German autobahn's 'backdoor' privatization row

Germany is opening the door to the privatization of one of its most-loved institutions - the autobahn - according to campaigners. Critics also fear that other public services could soon be sacrificed to investors.

Germany could approving a new constitutional change that would open several "back doors" to the privatization of the country's public services.

The arduous debate over a constitutional change that involves the alteration of no fewer than 13 different articles in Germany's Basic Law may end this Friday, when the Bundestag votes on the amendment. This would change regulations governing the planning, building and operation of Germany's highway networks, so that so-called PPPs - or public-private partnerships - could operate highways in the future.
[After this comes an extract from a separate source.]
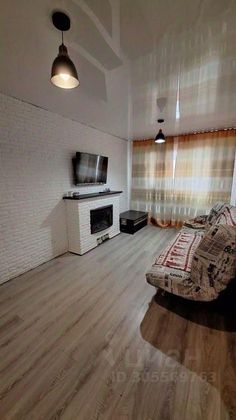 Продажа 3-комнатной квартиры 67 м², 1/9 этаж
Even more worrying for opponents, the changes could also allow private investment in the building of schools. Critics fear that the draft alteration would loosen regulations on cooperation between the federal government and local authorities to allow the federal government to introduce PPPs into the funding process for school building.

"That's a significant promotion for PPPs," said Carl Wassmuth, of the citizens' initiative Gemeingut in BürgerInnenhand ("common property in citizens' hands" - GiB), which is campaigning against the measure.

SPD concerns

The government can only get the required two-thirds majority in the German parliament's lower house if the vast majority of the representatives of the two coalition parties - Angela Merkel's Christian Democratic Union (CDU) and the Social Democratic Party (SPD) - vote in favor.

Deutschland Thomas Oppermann, Fraktionsvorsitzender der SPD (picture-alliance/dpa/B.v. Jutrczenka)

SPD parliamentary leader Oppermann has been accused of trying to trick his own MPs

That means that Tuesday's meeting of the center-left SPD's parliamentary faction will prove crucial. Back in 2016, the SPD's then economy minister, Sigmar Gabriel, initially promised rank-and-file MPs that privatization would be ruled out. According to a report in Monday's Berliner Zeitung, the SPD leadership has a cunning plan to get its more skeptical parliamentarians to toe the line, by promising that privatization would be ruled out of a new compromise.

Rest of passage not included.